Dr. Jung: But then we would have no criticism.

Then when a lunatic said he was Christ, I would be forced to agree.

Schopenhauer tells us that the substance of the world is will and representation.

Of course he had very good reasons for that.

Prof Demos: The first point is that man can and does rise beyond him self. The next point is that you have to use criteria by which to judge whether an idea is a genuine reflection of reality. And that is where the

philosopher is distinguished from the lunatic as more universal and more rational.

Dr. Jung: Yet inasmuch as he makes a metaphysical assertion, he is as good as a lunatic.

Prof Demos: And better!

Dr.Jung: And even worse! Well, it is of course a most baffling problem.

I don’t know whether we should spend time upon this domestic fight between psychology and philosophy.

I am always waiting for that ultimate decision, but I should say it was a mistake to fight about it.

For myself it is merely a question of experience.

I have never seen a case where a human mind has overreached itself. Surely not by our intellect.

No human being can establish anything beyond himself through his intellect-or I have never seen that.

Man can grow, he can develop, and then further insight would naturally grow upon his tree, but it would not

be due to the function of his intellect.

For instance, take scholasticism and the seven qualities of God of St. Thomas Aquinas.

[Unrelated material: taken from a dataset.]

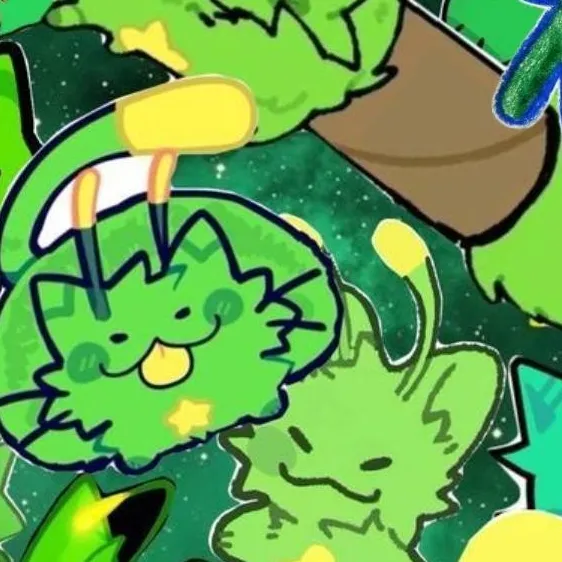 chat with ai character: GNAAARPY!!!!!!👽🐱💚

Inasmuch as this was the result of intellect-I don’t even dare to decide that, but let us assume it to be the result of such speculation-if you believe it as objective truth, it then becomes a metaphysical assertion.

Or let us take Dionysius Areopagita with his hierarchies, or still worse, Valentinus with his aeons and archai and God knows what, that whole heavenly arithmetic.

That might be a true psychological experience, and then I would believe it, but if the intellect has tampered with it, I don’t believe it, because I know it is then only a metaphysical assertion which I hold to be hubris

and illusion. If it grows naturally upon the tree of life it is plausible; otherwise I mistrust it.

Frau von Morawetz says that it is quite possible that the intellect is often merely instrumental for a certain unconscious process.

That is quite certain.

Many people have believed that they were producing a rational system when it was nothing but a huge

irrational fact.

Then they think they have invented it, they rationalize it afterwards.

For instance, scholasticism was probably like that.

I should be inclined to explain St. Thomas from such a point of view-that he really had a vision and rationalized it afterwards.

Prof Demos: How do you differ from the exclusive physicist who says: Only what I see through my physical instrument is true? I mean, you are saying that only that is true which can be grasped by psychological


Dr: Jung: It is perfectly true that there is no difference between the vision or the experience of the world by a scholasticist and, for instance, a modern materialist.

Of course, my way of envisaging things is my way, and I confess it.

When I make a psychological statement I admit that anybody can say it is merely a psychological statement. Yet for the individual a psychological experience is a definite and ultimate thing which cannot be wiped out. If one had said to Paul, after his vision on the way to Damascus, that it was a hallucination or that it was due to a certain repression of sexual libido, it wouldn’t have touched him.

To him it was the truth even if it was not rationalized.

You see, my purpose in psychology is not to elaborate a certain psychological system, or what one might

call a science, it is only a sort of method to free the way for individual experience, for that fact which to each individual will be decisive.

Dr: Adler: But what about the relation between chance and the working of psychology? By your statement of chance, is not a hole left, through which other things, metaphysical things, for instance, can penetrate?

Dr: Jung: If you define psychology as a method for the release and realization of experience, it is incommensurable with the idea of science hitherto, which has to exclude chance.

But experience cannot exclude chance, it has to consider it.

Certain experiences, which are not systematized, can never exclude chance; and particularly in supreme psychological experiences one should be very careful not to exclude chance.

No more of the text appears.